Information shown:
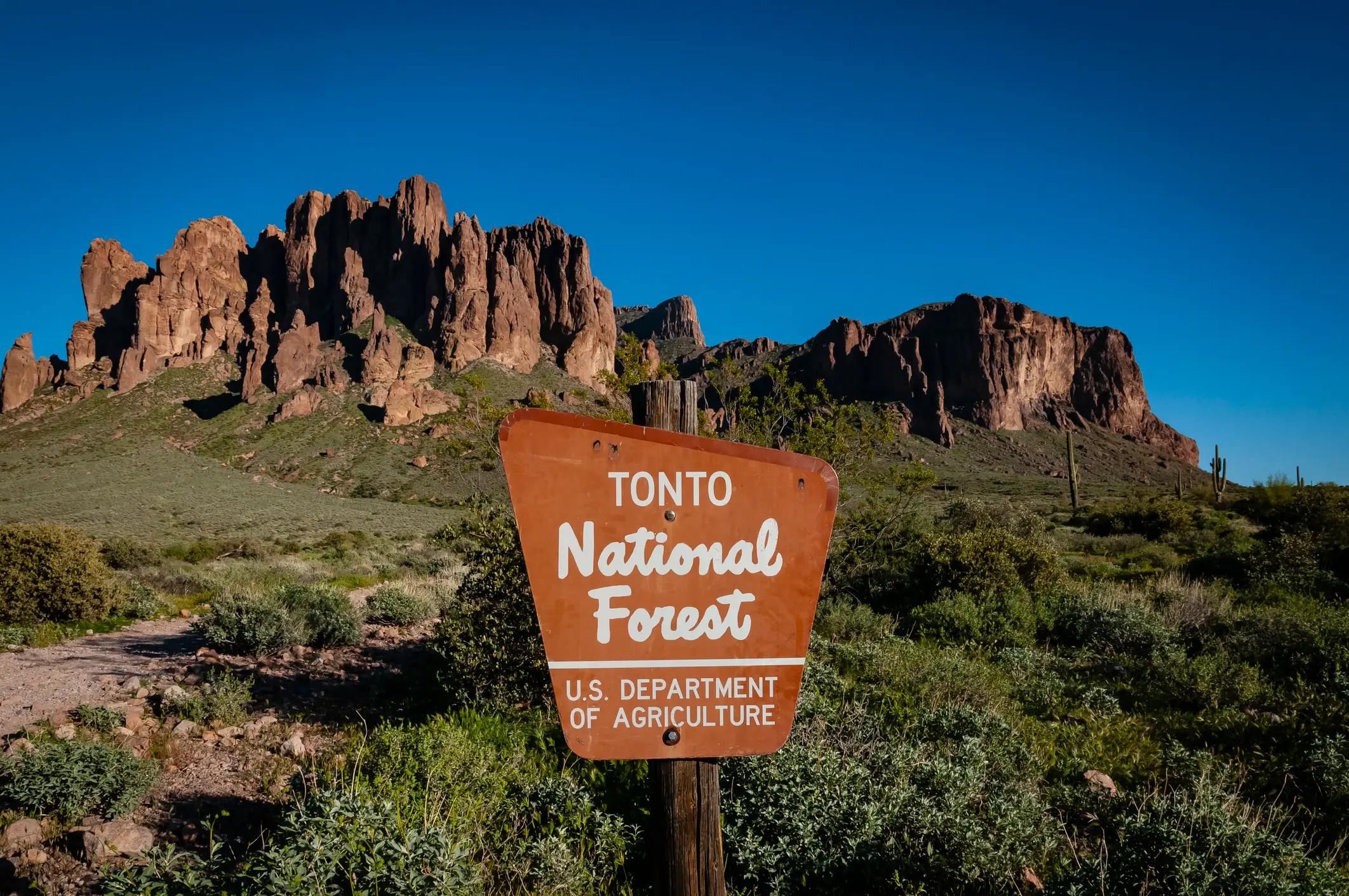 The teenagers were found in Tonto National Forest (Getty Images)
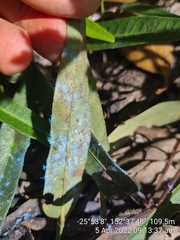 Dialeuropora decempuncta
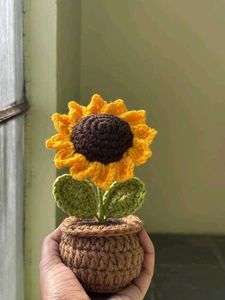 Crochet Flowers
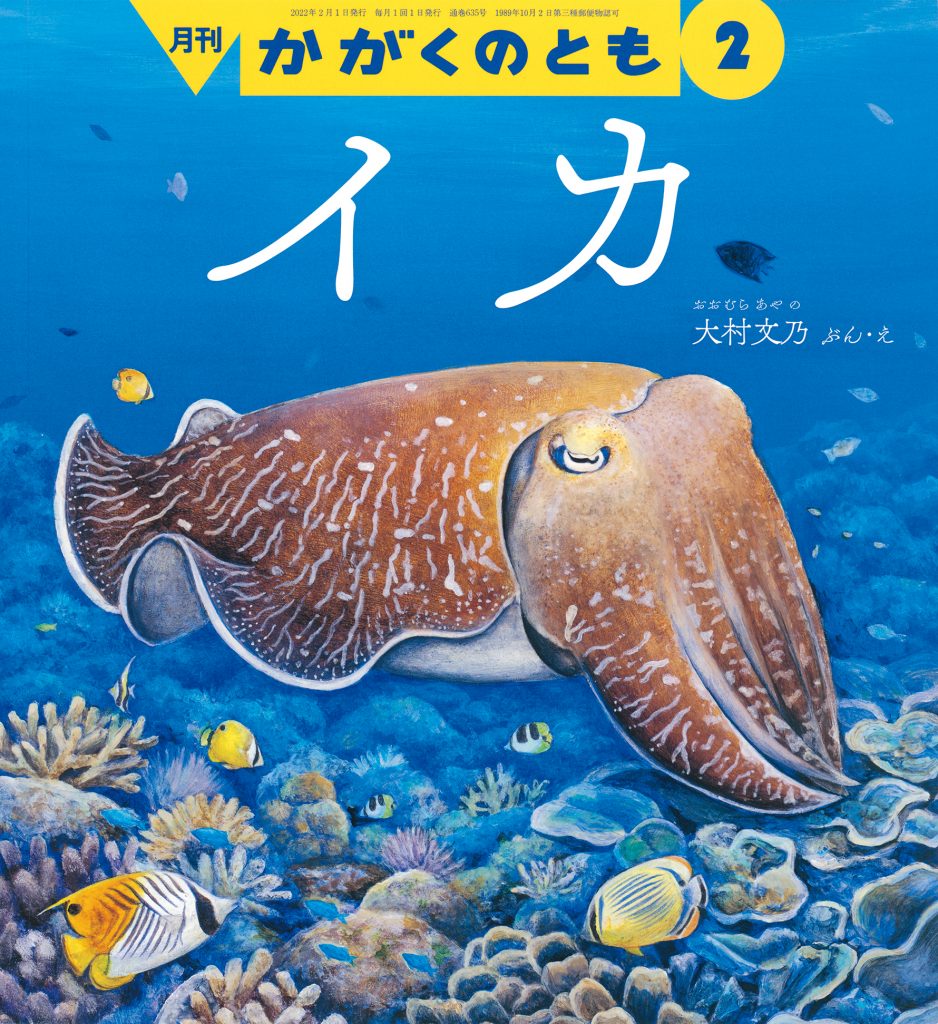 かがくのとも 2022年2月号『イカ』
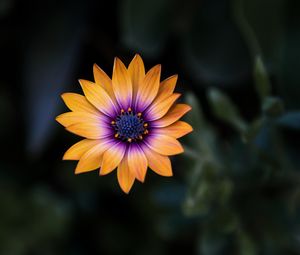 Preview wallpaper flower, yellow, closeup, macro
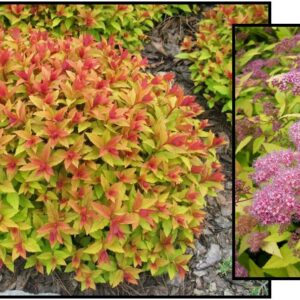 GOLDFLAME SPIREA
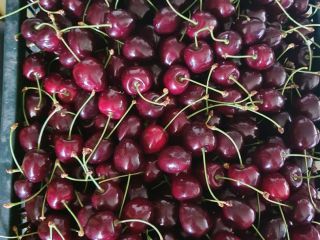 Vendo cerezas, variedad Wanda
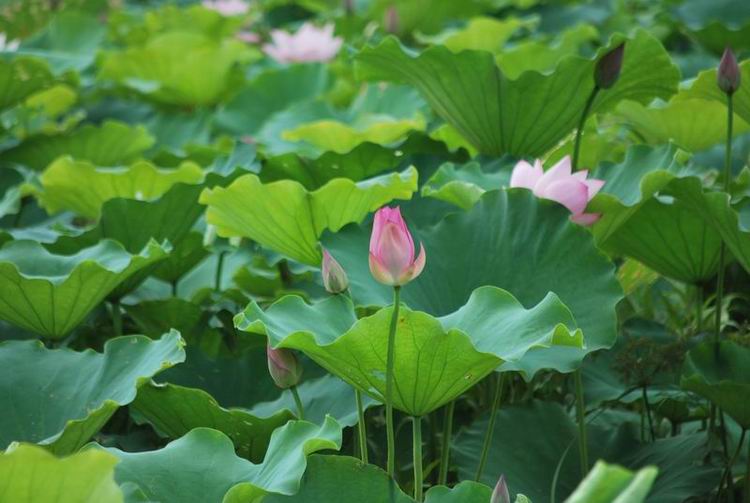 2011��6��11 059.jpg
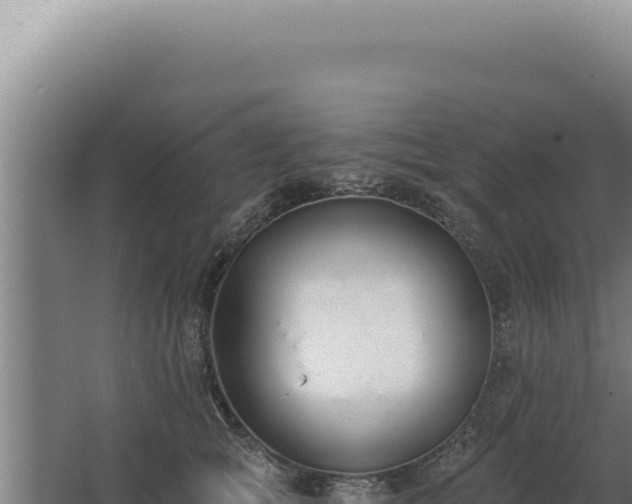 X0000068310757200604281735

Exercise goal:
Transcribe exactly, and only, the lines from the line with "かがくのとも 2022年2月号『イカ』" through the last line of the records, inclusive; the pictures do not belong in the copy.

Task solution:
 かがくのとも 2022年2月号『イカ』
 Preview wallpaper flower, yellow, closeup, macro
 GOLDFLAME SPIREA
 Vendo cerezas, variedad Wanda
 2011��6��11 059.jpg
 X0000068310757200604281735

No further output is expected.